Russia's and Europe's space agencies are considering teaming up to study the largest moon in the solar system, Jupiter's Ganymede, the European Space Agency (ESA) chief said Thursday.

ESA general director Jean-Jacques Dordain said Europe planned to send an orbiter to Ganymede, while for a separate mission Russia's federal space agency, Roscosmos, envisaged sending a landing module.

"We intend to study how these two missions may interwork, because our orbiter and the Russian landing module are capable of interacting with each other," Dordain told reporters during the MAKS international air show near Moscow.

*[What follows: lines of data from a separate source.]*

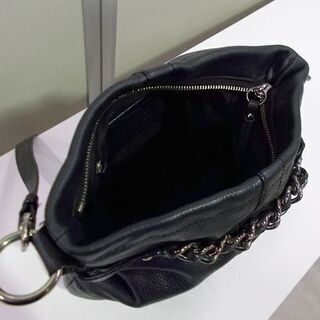 コーチ ショルダーバッグ F19722 黒 シンプル マチなし レザー ブラック COACH 札幌市東区 新道東店の画像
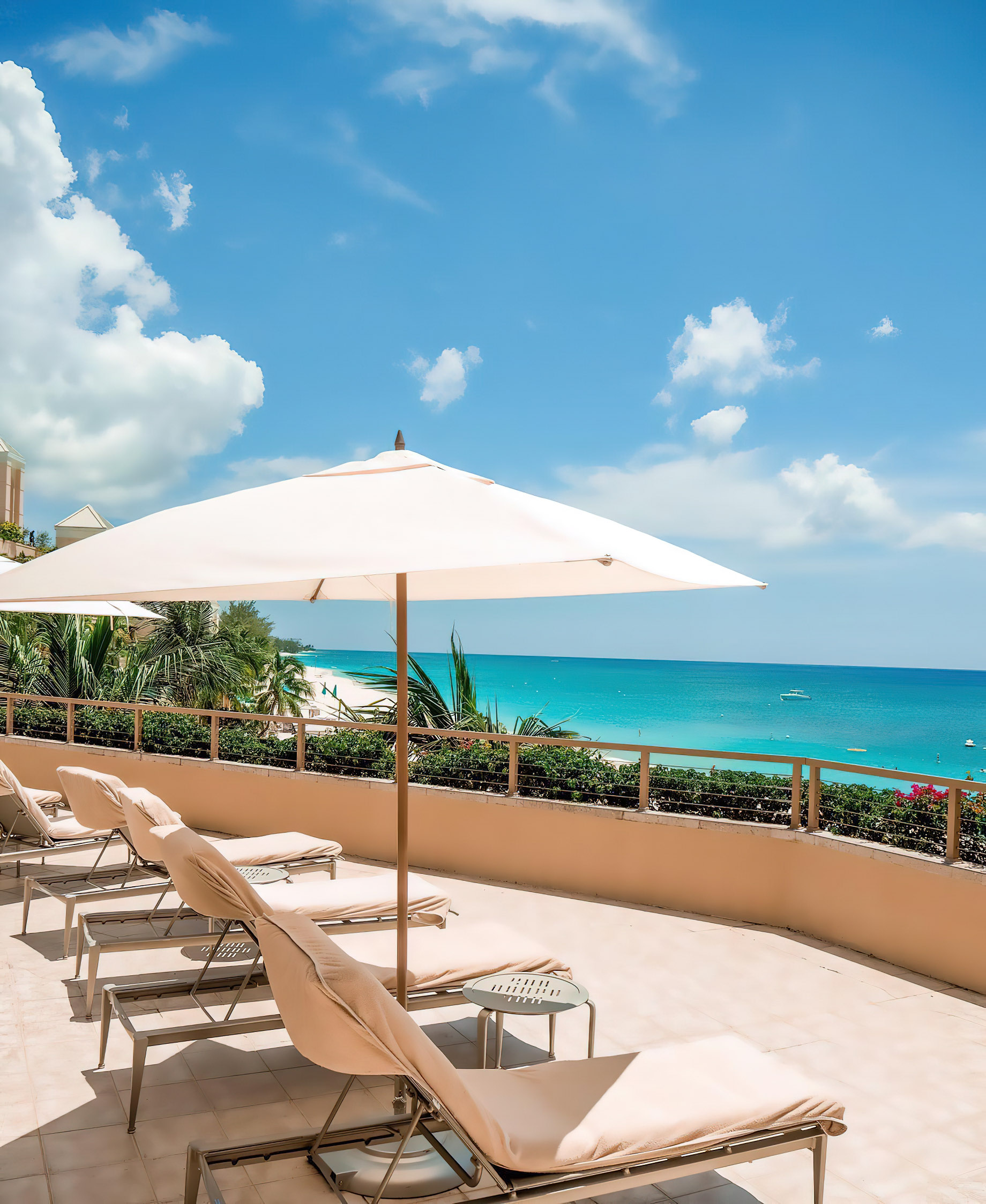 The Ritz-Carlton, Grand Cayman Resort - Seven Mile Beach, Cayman Islands - Ocean View Patio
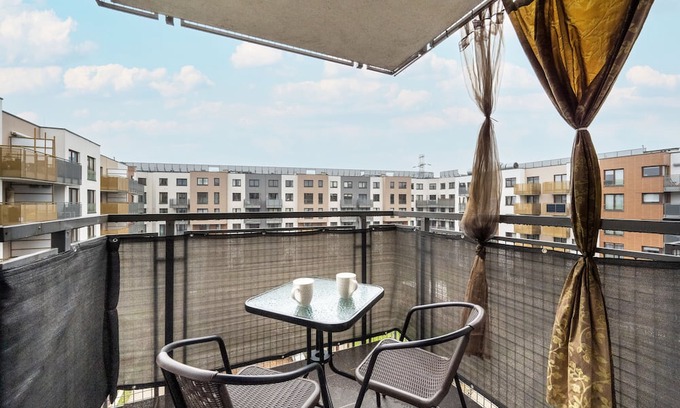 Krzyki Apartamento | Modern Apartment With Balcony by Renters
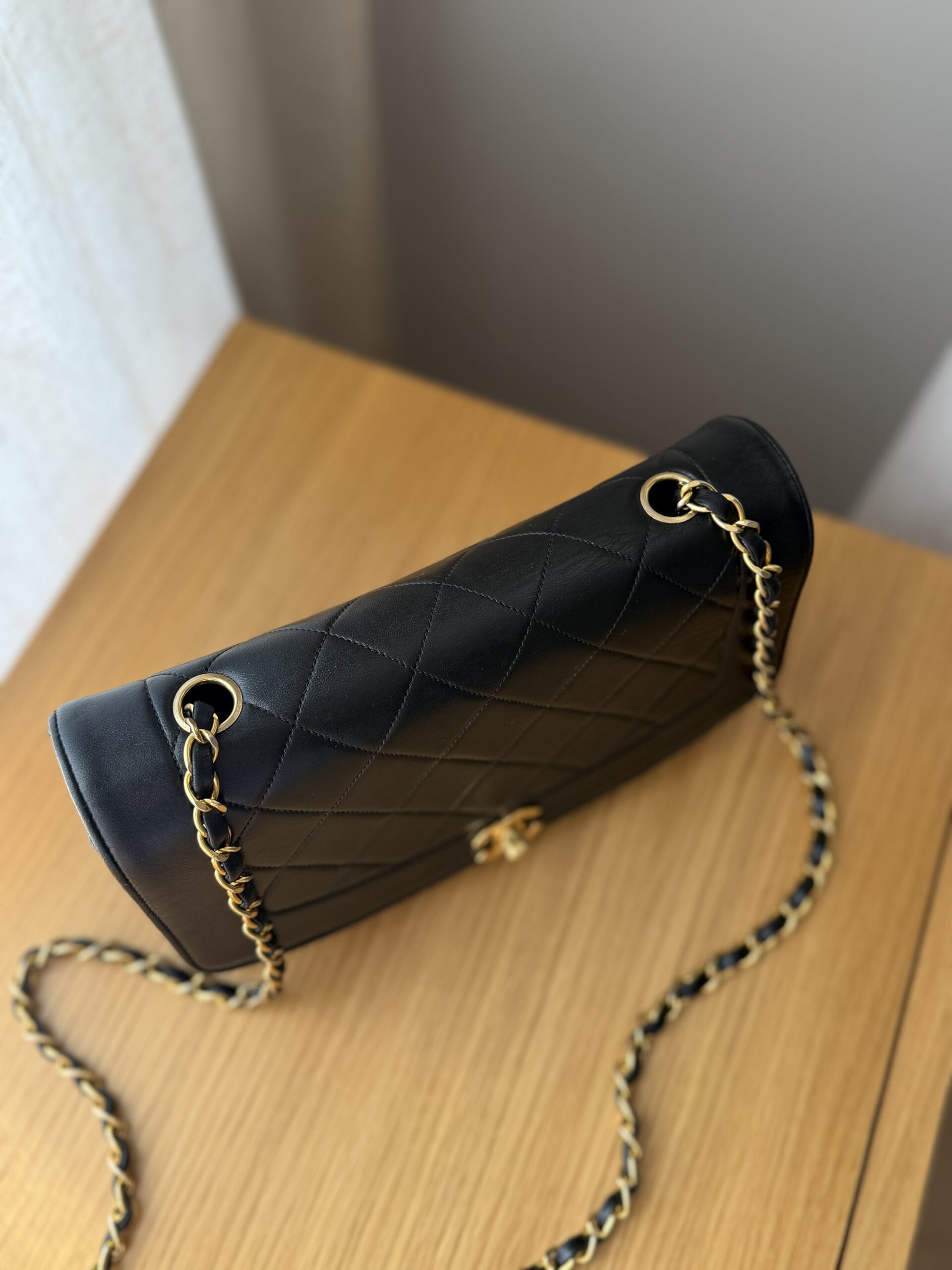 Chanel Medium Flap Diana - obrazek 11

Russian and European scientists plan to begin the Jupiter missions in the early 2020s. If successful, the missions would be Russia and Europe's first to an outer planet — as Jupiter, Saturn, Uranus and Neptune are often referred to – apart from the ESA's Huygens probe, which was delivered by the US Cassini spacecraft to Saturn's moon Titan in 2005.

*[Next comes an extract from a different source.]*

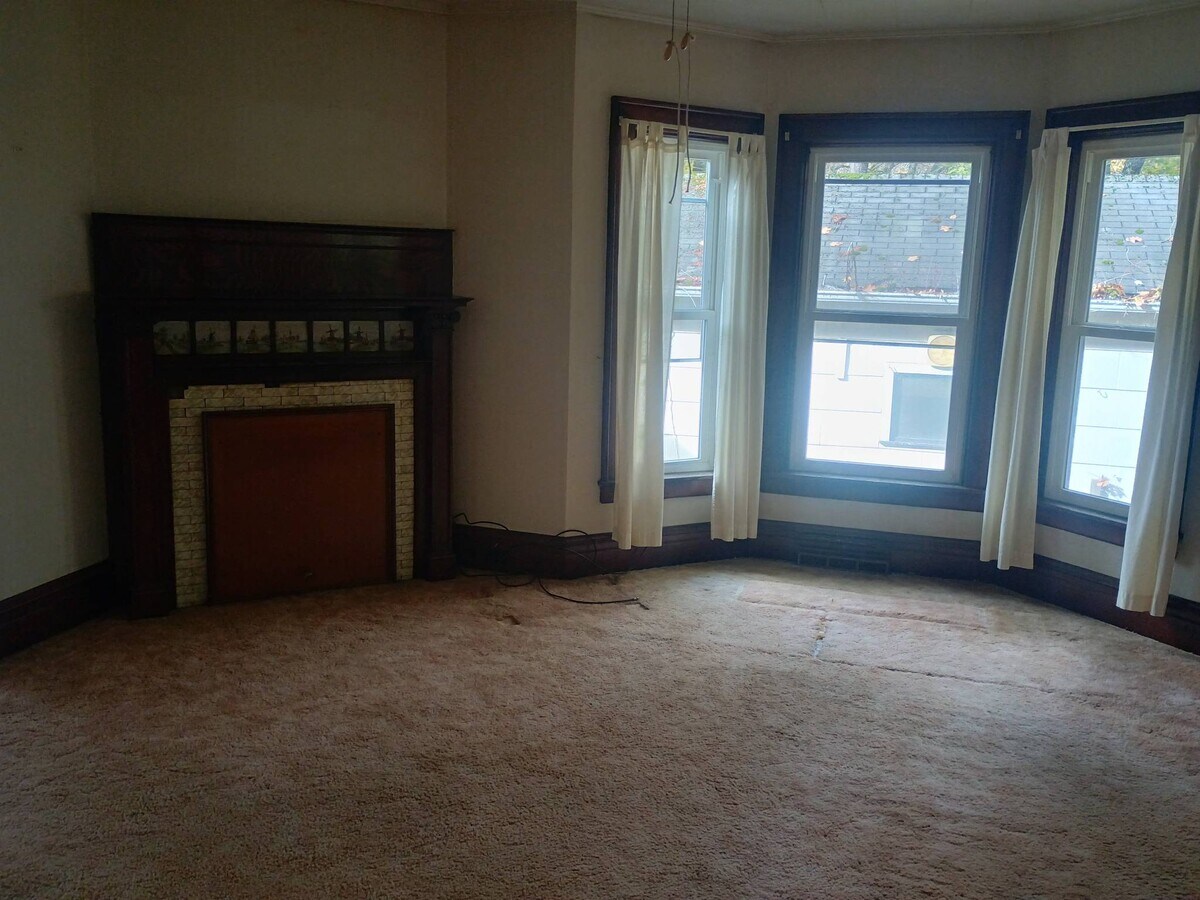 Photo - 1430 Eagle St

ESA's JUICE (JUpiter ICy moon Explorer) project to study three of Jupiter's moons — Ganymede, Callisto and Europa — at a cost of 1 billion euros ($1.3 billion) was officially approved in May 2013. The European spacecraft is scheduled to be launched in 2022 and to reach Jupiter in 2030.

Dordain also said the Russian side called for a strategic partnership in solar system research, including missions to Mars and Earth's moon.

Giacinto Gianfiglio, the system engineering manager of the ExoMars mission by the ESA in collaboration with Roscosmos, said that probe would be launched on a Russian Proton-M rocket in January 2016 and would reach Mars some 10 months later. In 2018, a Roscosmos-built lander is to deliver the ESA-built rover to the Martian surface.